Not only is Microsoft, of Redmond, Wash., expected to release a June CTP (Community Technology Preview) of its SQL Server 2005 platform, but sources said Microsoft is also working on a solution that takes the integration of data into the development scheme beyond that of the integration between Visual Studio 2005 and SQL Server 2005, code-named Whidbey and Yukon, respectively. The company will announce release-to-manufacturing dates—expected to be mid-October—for these two products as well.
Microsoft will unveil a new SSMA (SQL Server Migration Assistant) for Oracle Corp. products, available free for download this week, to help customers more easily move off the rivals database by understanding associated migration costs and testing existing Oracle deployments and code once its moved.
Microsoft also will announce revamped licensing practices for its Reporting Services capability in SQL Server. Currently shipping in only SQL Server 2005 Standard and Enterprise editions, Reporting Services will be offered free in lower-end Express and Workgroup editions.
In addition, Microsoft will expand Report Builder from Standard Edition to Workgroup Edition once Yukon debuts.

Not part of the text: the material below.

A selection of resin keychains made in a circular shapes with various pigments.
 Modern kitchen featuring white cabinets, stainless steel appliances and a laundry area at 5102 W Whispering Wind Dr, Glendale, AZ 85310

Sources said high-level Microsoft architects are focusing on how “Orcas,” the follow-on version of Visual Studio, will more easily and efficiently handle data via future versions of both Visual Basic and Visual C#. In fact, Anders Hejlsberg, a top Microsoft software architect, is working on Visual C# 3.0 and has produced compiler technology that accelerates data integration. The Visual Basic team is working to deliver similar functionality, based on Microsofts FoxPro technology base, sources said.
Meanwhile, Microsoft will make the June CTP of Yukon publicly available, unlike earlier releases, which have been available primarily through the MSDN (Microsoft Developer Network).
“I think that for the first time in the last couple of years, SQL Server 2005 is looking very stable and shippable,” said Stephen Forte, chief technology officer of Corzen Inc., in New York, who has been a beta tester of the technology.
Meanwhile, Microsoft also will showcase a new CTP of BizTalk Server 2006, among other updates, sources said.
Also at Tech Ed, Microsoft will provide updates on the Trustworthy Computing Initiative, the “Indigo” communications subsystem and new peer channel technology, Visual Studio 2005, Visual Studio Team System, SQL Server 2005, a new service consumption feature in Outlook code-named Elixir, and the Dynamic Systems Initiative.